Bread and Clothing
Until recently, the repercussions of converting to Judaism meant more than just renouncing one’s previous religious beliefs. More often than not, a person who converted to Judaism also cut off ties with his/her family (and in many cases the family sought his/her arrest and punishment). Additionally, converts were often forced to forfeit any personal wealth that they might possess. This was a challenge for which the Torah was well prepared. Scripture, in Deuteronomy 10:18, states that God “loves the stranger, giving him food and clothing.” Throughout the Torah, the Jewish people are reminded of the importance of being kind to converts (and widows and orphans).
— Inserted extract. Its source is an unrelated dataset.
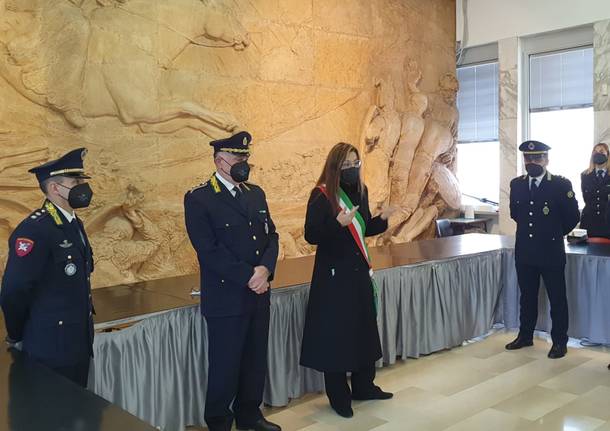 La Polizia Locale di Parabiago celebra San Sebastiano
Throughout history, communities often took it upon themselves to help converts support themselves.
In Genesis Rabbah (78:5), there is an interesting exchange about the broader meaning of the phrase “food and clothing.” The Midrash presents Akilas, a convert, who asks both Rabbi Eliezer and Rabbi Joshua about the meaning of the verse in Deuteronomy.
Rabbi Eliezer responded to Akilas by pointing to Genesis 28:20, where Jacob vows to dedicate Beth-El as a place of God “If God will be with me…and will give me bread to eat, and clothing to wear.” Jacob had to ask God for the basic necessities, however, for the convert, God promises in Deuteronomy to give them bread and clothing freely, without their asking.
Rabbi Joshua, on the other hand, taught that “bread” refers to the Torah (a common analogy), while “clothing” means a tallit (prayer shawl). Rabbi Joshua explained that the promise of “bread and clothing” means that even though converts are not raised with the Torah, they too will be able to attain a high level of Jewish spirituality.